Solving What I’m Seeing

All in all, I just tried to reproduce the two operations. However I made a big mistake while solving it. Usually in my z3 solvers I write

1
2
3
4
5
if s.check() == unsat:
    print('sad')
else:
    m = s.model()
    ...

However for a simple sanity check, I wrote just print(s.check() == unsat), expecting to see True if the model was satisfiable. This however, was a mistake of mine, since this line means that it will print False if the model is satisfiable. However I hadn’t thought about that. As a result, I would see False being printed, and take that as an indication that the model failed. I had to talk with a member of the Greek CTF community who had solved the challenge, Babafaba (who had also used the same z3 approach), to understand my stupidity. Thanks Babafaba :)

 1
 2
 3
 4
 5
 6
 7
 8
 9
10
11
12
13
14
15
16
17
18
19
20
21
22
23
24
25
26
27
28
29
30
31
32
33
34
35
36
from z3 import *

flag = [BitVec(f'n{i}', 32) for i in range(36)]

s = Solver()

for c in flag:
    s.add(c >= 0x30)
    s.add(c < 0x7f)

s.add(flag[0] == ord('G'))
s.add(flag[1] == ord('C'))
s.add(flag[2] == ord('C'))
s.add(flag[3] == ord('{'))
s.add(flag[-1] == ord('}'))

flag_rev = flag[::-1]
flag_matrix = []
for i in range(0, 36, 4):
    flag_matrix.append(flag_rev[i:i+4])

# didn't do it with loops because at that moment I was tired as shit and couldn't bother figuring it out
s.add(flag_matrix[0][0] + flag_matrix[1][0] + flag_matrix[2][0] + flag_matrix[3][0] + flag_matrix[4][0] + flag_matrix[5][0] + flag_matrix[6][0] + flag_matrix[7][0] + flag_matrix[8][0] == 844)
s.add(flag_matrix[0][1] + flag_matrix[1][1] + flag_matrix[2][1] + flag_matrix[3][1] + flag_matrix[4][1] + flag_matrix[5][1] + flag_matrix[6][1] + flag_matrix[7][1] + flag_matrix[8][1] == 662)
s.add(flag_matrix[0][2] + flag_matrix[1][2] + flag_matrix[2][2] + flag_matrix[3][2] + flag_matrix[4][2] + flag_matrix[5][2] + flag_matrix[6][2] + flag_matrix[7][2] + flag_matrix[8][2] == 647)
s.add(flag_matrix[0][3] + flag_matrix[1][3] + flag_matrix[2][3] + flag_matrix[3][3] + flag_matrix[4][3] + flag_matrix[5][3] + flag_matrix[6][3] + flag_matrix[7][3] + flag_matrix[8][3] == 745)

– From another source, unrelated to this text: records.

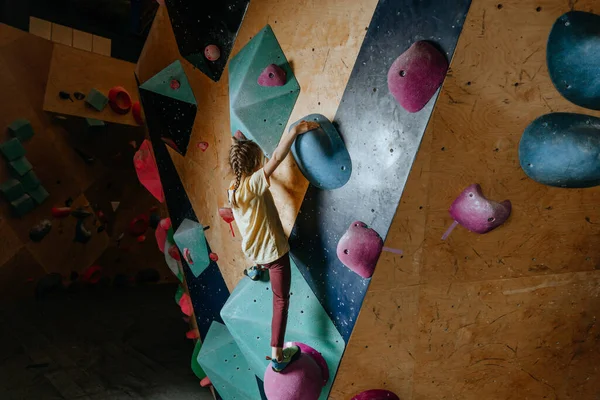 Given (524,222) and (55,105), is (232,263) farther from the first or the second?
(55,105)

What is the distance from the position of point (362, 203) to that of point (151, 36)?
226cm

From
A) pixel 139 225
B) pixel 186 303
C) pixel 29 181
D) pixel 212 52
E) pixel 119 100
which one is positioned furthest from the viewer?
pixel 139 225

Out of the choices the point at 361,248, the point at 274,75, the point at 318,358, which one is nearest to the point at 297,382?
A: the point at 318,358

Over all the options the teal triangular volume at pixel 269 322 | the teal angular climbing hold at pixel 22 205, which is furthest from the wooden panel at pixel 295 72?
the teal angular climbing hold at pixel 22 205

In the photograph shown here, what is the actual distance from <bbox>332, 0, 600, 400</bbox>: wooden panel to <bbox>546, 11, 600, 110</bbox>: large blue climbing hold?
0.04m

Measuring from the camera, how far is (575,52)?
1.76m

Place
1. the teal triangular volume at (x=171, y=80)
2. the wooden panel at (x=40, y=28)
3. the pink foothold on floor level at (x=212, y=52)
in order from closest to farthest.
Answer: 1. the pink foothold on floor level at (x=212, y=52)
2. the teal triangular volume at (x=171, y=80)
3. the wooden panel at (x=40, y=28)

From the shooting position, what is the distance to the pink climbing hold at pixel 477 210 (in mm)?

target2 = [512, 464, 506, 521, 571, 546, 543, 589, 607, 619, 650, 601, 632, 650, 647, 605, 547, 552, 584, 595, 531, 554, 549, 576, 567, 532, 560, 576, 525, 548]
ctr_flag = 0
for ctr_trgt in range(len(target2)):
    s.add(flag_rev[ctr_flag+0] + flag_rev[ctr_flag+1] + flag_rev[ctr_flag+2] + flag_rev[ctr_flag+3] + flag_rev[ctr_flag+4] + flag_rev[ctr_flag+5] + flag_rev[ctr_flag+6] == target2[ctr_trgt])
    ctr_flag += 1

m = s.model()
for c in flag:
    print(chr(int(str(m[c]))), end='')

GCC{1_L0v3_Th15_sT4ck_ba5eD_M4dN355}

Conclusion

After the CTF ended, the organizers released a repo containing the writeup of the challenge. It tells us that for the first part, we needed to see that the flag is XORed twice. That’s true. However I don’t know how many people used that to solve this challenge. Another player seems to have used the same z3 approach, so I think we outplayed the developer bros. Jokes aside, it was a very interesting challenge, and it could help someone understand some of the core concepts of reversing, like guessing, finding out how to view the memory of a language’s runtime, guessing, how to understand a language and concepts on the go, guessing, and many more (like guessing). I made different mistakes and sacrificed a bit of my sleep, but it was an enjoyable challenge with things to teach, so kudos to the author!